⟨

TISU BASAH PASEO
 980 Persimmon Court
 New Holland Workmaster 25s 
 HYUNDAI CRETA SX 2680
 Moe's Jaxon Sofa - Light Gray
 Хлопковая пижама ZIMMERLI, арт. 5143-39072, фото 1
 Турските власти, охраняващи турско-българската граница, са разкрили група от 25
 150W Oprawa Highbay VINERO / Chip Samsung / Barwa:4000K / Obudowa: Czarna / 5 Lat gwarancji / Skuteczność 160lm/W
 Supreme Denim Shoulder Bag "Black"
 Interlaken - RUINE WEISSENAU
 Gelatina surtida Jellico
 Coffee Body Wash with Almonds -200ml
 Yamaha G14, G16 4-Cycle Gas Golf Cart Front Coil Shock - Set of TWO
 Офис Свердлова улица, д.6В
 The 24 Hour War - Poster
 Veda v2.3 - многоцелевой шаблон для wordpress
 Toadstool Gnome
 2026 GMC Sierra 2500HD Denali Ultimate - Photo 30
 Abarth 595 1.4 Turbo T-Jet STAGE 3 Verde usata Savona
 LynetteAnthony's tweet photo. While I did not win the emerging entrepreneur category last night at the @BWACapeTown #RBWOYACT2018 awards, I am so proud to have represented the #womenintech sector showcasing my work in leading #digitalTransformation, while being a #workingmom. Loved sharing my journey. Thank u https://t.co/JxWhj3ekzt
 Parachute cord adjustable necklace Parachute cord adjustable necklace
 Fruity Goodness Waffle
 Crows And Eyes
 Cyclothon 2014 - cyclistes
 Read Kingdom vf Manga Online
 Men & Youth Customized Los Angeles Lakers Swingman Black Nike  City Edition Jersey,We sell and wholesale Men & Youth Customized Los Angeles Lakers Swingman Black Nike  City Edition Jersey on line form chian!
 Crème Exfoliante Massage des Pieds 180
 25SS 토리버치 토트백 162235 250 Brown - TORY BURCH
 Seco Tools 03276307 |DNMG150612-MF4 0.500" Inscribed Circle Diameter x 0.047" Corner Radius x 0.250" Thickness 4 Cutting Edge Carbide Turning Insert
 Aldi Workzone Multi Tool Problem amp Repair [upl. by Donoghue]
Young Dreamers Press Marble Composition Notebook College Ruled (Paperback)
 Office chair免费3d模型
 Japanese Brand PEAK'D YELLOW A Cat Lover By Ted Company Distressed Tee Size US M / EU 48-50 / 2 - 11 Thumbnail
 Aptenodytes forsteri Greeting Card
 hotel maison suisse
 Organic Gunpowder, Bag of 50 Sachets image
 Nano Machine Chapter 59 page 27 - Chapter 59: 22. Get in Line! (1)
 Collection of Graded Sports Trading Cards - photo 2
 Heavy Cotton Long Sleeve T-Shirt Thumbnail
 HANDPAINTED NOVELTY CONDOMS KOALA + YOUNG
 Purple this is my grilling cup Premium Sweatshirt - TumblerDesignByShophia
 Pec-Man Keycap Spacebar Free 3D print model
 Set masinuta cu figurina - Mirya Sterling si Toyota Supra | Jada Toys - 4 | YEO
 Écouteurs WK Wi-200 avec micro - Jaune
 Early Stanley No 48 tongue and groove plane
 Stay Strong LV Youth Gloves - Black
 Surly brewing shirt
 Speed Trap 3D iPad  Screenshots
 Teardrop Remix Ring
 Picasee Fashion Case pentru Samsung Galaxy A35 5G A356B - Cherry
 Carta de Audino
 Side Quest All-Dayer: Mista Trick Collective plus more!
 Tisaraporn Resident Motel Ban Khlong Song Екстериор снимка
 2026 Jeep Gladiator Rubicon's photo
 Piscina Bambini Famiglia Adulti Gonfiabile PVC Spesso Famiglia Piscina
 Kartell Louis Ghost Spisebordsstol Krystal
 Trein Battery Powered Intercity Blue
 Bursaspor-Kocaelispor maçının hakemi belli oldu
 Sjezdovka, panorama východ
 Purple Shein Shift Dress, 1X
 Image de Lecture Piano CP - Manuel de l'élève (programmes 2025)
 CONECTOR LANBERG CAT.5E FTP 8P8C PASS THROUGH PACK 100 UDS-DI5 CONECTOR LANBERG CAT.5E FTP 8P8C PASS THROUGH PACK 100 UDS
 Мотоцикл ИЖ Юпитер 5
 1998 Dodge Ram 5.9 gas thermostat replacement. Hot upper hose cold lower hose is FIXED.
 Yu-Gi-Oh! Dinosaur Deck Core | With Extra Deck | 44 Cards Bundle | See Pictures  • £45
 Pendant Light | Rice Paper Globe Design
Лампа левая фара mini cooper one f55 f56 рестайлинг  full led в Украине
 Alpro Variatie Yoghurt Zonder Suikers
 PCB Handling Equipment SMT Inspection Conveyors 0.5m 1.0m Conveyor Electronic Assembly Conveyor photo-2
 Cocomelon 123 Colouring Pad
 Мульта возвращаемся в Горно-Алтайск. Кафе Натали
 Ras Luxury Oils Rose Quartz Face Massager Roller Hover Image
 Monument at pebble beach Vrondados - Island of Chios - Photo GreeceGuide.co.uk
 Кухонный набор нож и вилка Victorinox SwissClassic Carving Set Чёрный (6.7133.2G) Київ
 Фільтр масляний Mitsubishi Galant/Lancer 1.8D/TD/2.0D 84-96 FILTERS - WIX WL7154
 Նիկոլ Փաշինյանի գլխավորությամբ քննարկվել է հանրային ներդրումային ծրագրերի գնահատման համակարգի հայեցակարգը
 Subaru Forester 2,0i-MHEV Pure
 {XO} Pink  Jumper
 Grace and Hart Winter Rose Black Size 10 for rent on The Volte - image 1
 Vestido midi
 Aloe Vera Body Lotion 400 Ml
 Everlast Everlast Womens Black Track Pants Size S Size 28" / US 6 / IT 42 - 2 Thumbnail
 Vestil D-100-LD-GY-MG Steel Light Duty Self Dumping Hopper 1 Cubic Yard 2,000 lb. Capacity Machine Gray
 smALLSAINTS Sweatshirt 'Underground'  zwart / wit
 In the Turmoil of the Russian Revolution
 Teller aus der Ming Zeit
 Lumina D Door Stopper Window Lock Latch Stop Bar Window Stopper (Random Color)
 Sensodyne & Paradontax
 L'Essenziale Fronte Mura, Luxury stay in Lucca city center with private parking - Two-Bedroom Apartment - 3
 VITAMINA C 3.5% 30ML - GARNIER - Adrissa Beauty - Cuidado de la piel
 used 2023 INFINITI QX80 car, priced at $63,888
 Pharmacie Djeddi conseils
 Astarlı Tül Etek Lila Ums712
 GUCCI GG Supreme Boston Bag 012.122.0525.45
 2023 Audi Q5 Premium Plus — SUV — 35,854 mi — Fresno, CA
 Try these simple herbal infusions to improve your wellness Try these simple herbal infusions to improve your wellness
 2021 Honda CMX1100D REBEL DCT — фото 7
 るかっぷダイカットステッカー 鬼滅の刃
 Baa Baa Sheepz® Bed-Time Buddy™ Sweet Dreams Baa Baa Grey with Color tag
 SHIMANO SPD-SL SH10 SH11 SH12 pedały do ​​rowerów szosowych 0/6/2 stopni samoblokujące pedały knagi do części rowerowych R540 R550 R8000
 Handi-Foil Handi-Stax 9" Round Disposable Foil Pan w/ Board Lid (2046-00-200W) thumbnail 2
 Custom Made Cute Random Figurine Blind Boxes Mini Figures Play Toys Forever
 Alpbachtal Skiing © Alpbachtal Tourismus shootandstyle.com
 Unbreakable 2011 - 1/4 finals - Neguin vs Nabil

⟩

■ **TASK REQUIREMENTS**:
Sift the material for lines with the string "Light". Copy each one found.

■ **RESPONSE TO THIS TASK**:
 Moe's Jaxon Sofa - Light Gray
 Pendant Light | Rice Paper Globe Design
 Vestil D-100-LD-GY-MG Steel Light Duty Self Dumping Hopper 1 Cubic Yard 2,000 lb. Capacity Machine Gray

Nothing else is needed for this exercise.